─── DATA SUPPLIED

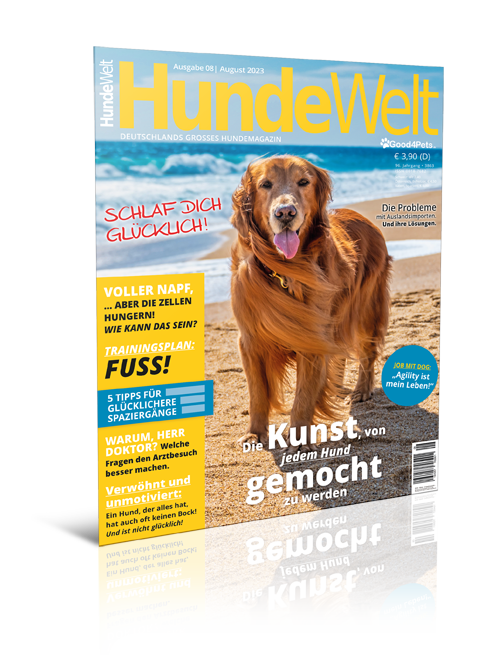HundeWelt 08.2023 (Print, Einzelheft)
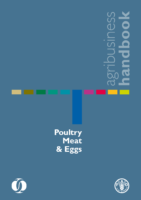 Poultry Meat And Egg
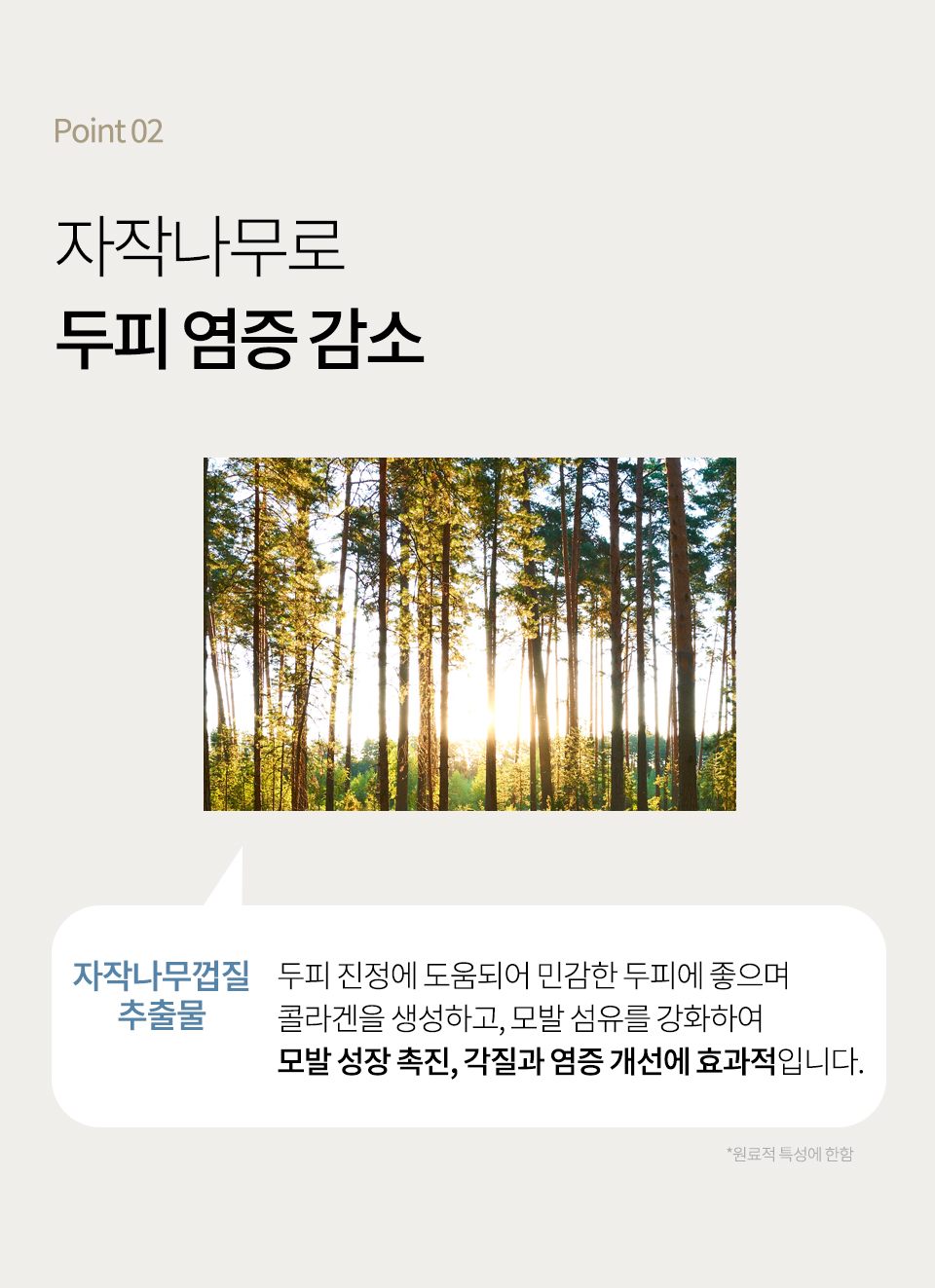 블루-자일리톨-상세_12.jpg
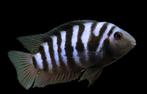 1 zebrachiclide eenzaat :(, Dieren en Toebehoren, Vissen | Aquariumvissen, Zoetwatervis, Vis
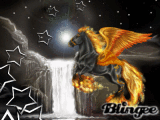feuer pegasus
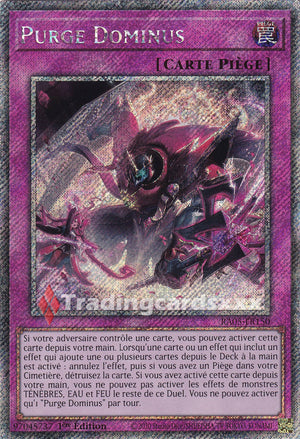Yu-Gi-Oh! Purge Dominus : PS RA05-FR150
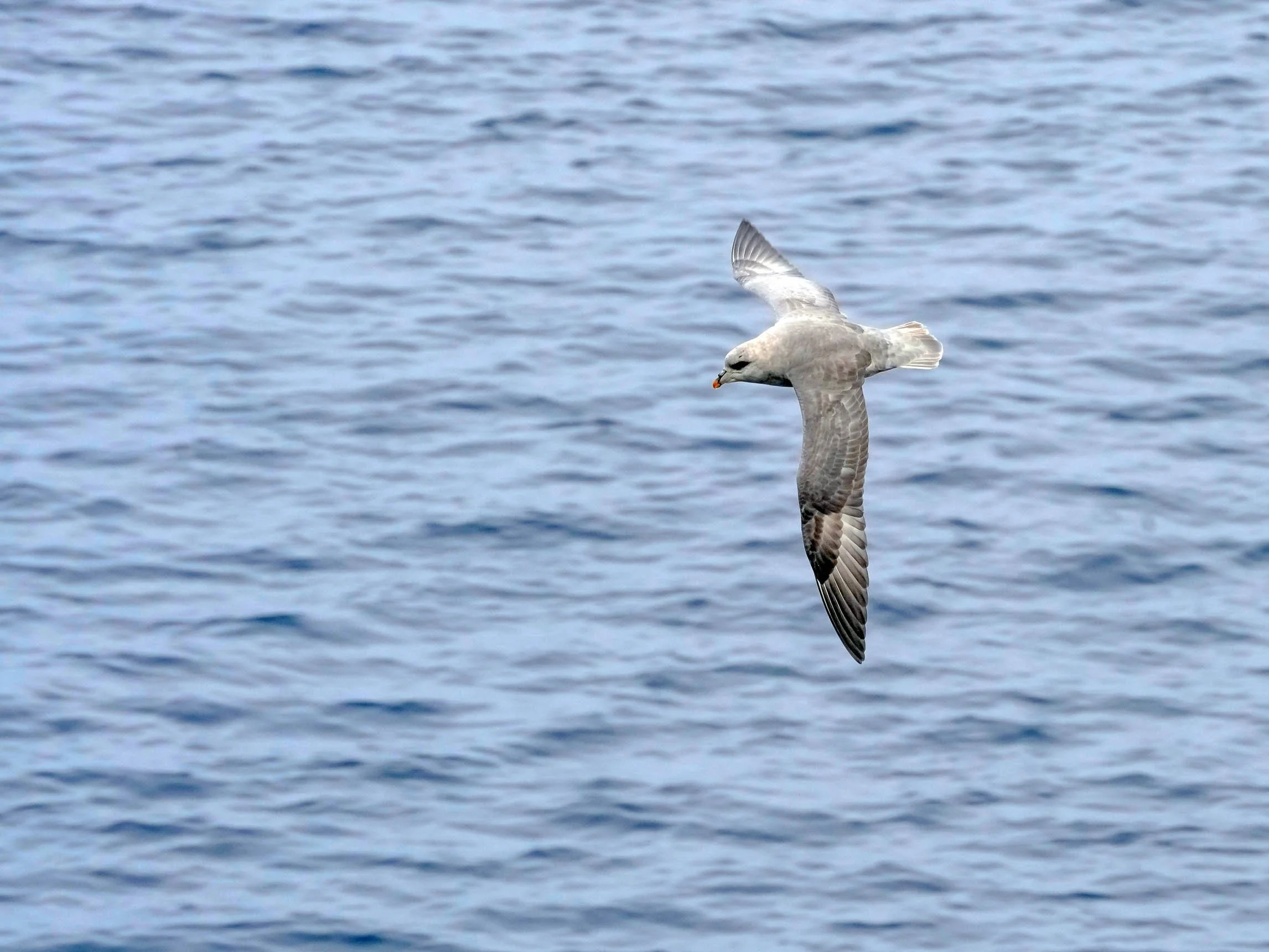 2026-8-25 - Port Leopold - Fulmar flying 1.jpg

──────

- YOUR OBJECTIVE -
Your answer must be the records above, word for word, with no pictures.

- EXERCISE OUTPUT -
HundeWelt 08.2023 (Print, Einzelheft)
 Poultry Meat And Egg
 블루-자일리톨-상세_12.jpg
 1 zebrachiclide eenzaat :(, Dieren en Toebehoren, Vissen | Aquariumvissen, Zoetwatervis, Vis
feuer pegasus
Yu-Gi-Oh! Purge Dominus : PS RA05-FR150
 2026-8-25 - Port Leopold - Fulmar flying 1.jpg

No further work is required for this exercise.